My Mom was a music teacher at Landry HS in New Orleans, where she encountered Pslm Civ (that's right, the abbreviation for "Psalm One Hundred Four")
 



Zurai

First Post
Forrester said:
"Tom" becomes "Thom"
"Brigit" becomes "Birgitte"
"Samuel" becomes "Sammael"
"Elaine" becomes "Elayne", because everyone likes "Y's".

All of those are real names - past or present.

Eiwydh. Hell, I don't even know how to pronounce it.

That's because its based (or at least wants to appear to be based) in Welsh or a similar language, where dh is a common letter and w and y are normal vowels.
 

Gentlegamer

Adventurer
I suppose it is off topic to reply with this, but those dwarf names are probably just the dwarf's common tongue nickname. For example, in Middle-earth, the dwarven language is a secret and not shared with non-dwarves, not even their true names.
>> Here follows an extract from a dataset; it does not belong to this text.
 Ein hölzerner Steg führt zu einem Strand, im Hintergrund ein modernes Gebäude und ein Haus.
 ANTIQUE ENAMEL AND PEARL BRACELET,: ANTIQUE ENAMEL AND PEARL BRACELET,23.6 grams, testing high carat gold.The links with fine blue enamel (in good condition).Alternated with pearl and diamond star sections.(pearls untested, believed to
They use the language and names of men that they live near (hence the Nordic dwarf names in Tolkien are rationalized as the dwarves borrowing the "nordic" languages of the men of Dale and north-eastern Wilderlands, kin to the people that became the Rohirrim with their Anglo-Saxon-esque names).
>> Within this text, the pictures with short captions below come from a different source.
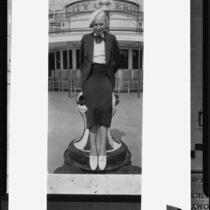 Young woman seated on bollard, Erie, Pennsylvania, [1936?]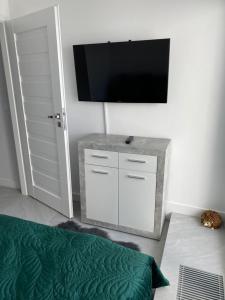 TV a/nebo společenská místnost v ubytování Porta Mare - Dziwnówek - Ferienappartment an der polnischen Ostsee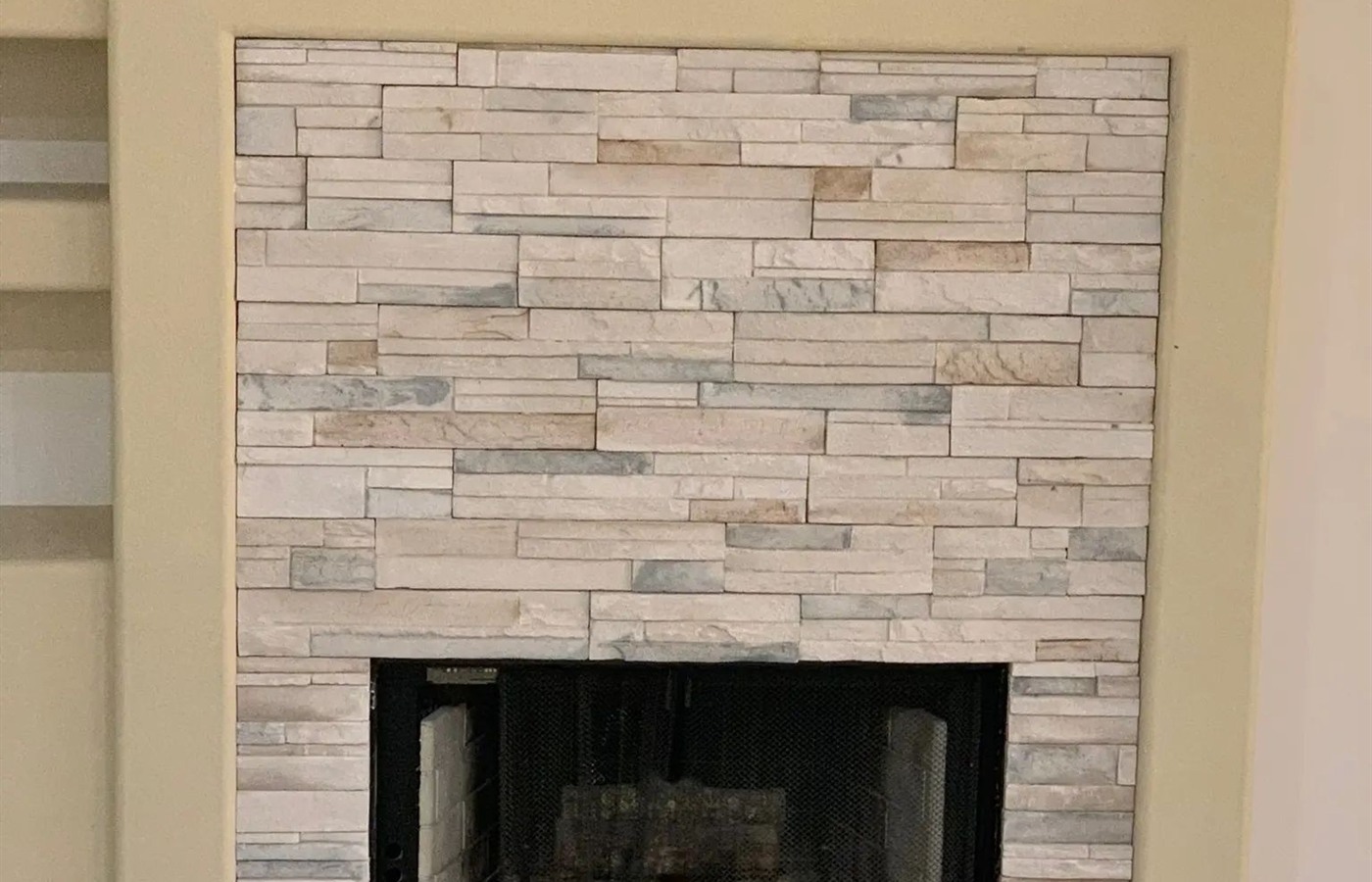 Modern fireplace faced with neutral stacked stone veneer and a flush hearth.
On topic: quite funny, especially the digs at Robert Jordan's Waste of Time series. :]

By the way, no one had better make fun of the name Ffleweddur Fflam! :D
 

SPoD

First Post
Korgoth said:
Axeaxe Flintflint

My god, I want to play a character with this name. Axeaxe Flintflint, dwarven stutterer!

Although it is still trumped by a character I once heard tell of, the dwarven eunuch warlock Duncan Nonuts.